RECORDED DATA =>
▼

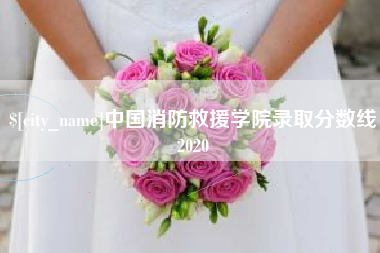 慈利中国消防救援学院录取分数线2020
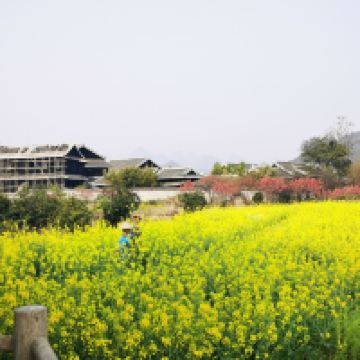 評論圖片 7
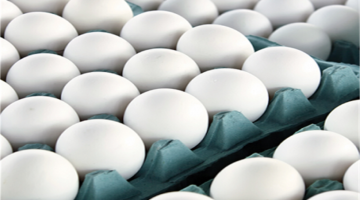 تباين أسعار كرتونة البيض السبت بين 135 و140 جنيهًا للمستهلك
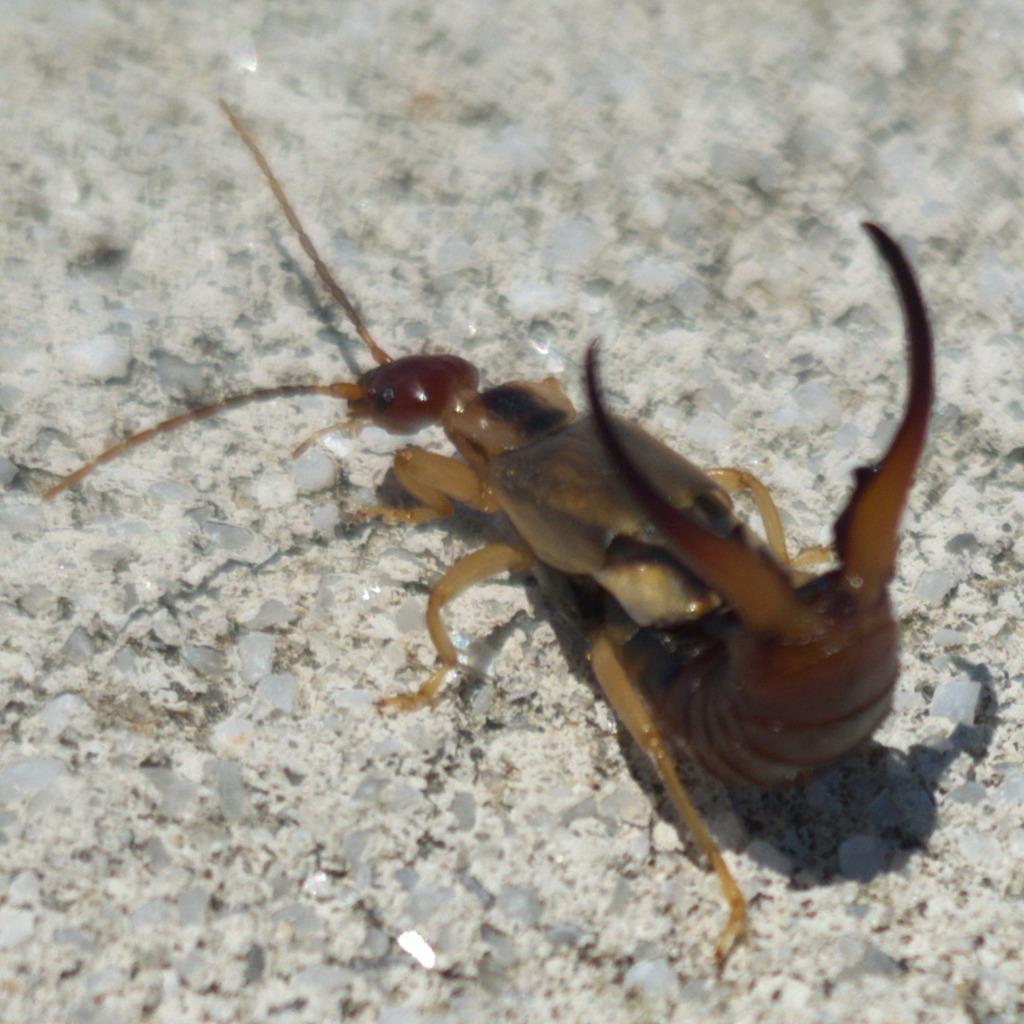 Western Earwig (Forficula dentata)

▲

Write out, word for word, the lines running from the one containing "تباين أسعار كرتونة" to the end of the data above; the pictures are to be left out.

 تباين أسعار كرتونة البيض السبت بين 135 و140 جنيهًا للمستهلك
 Western Earwig (Forficula dentata)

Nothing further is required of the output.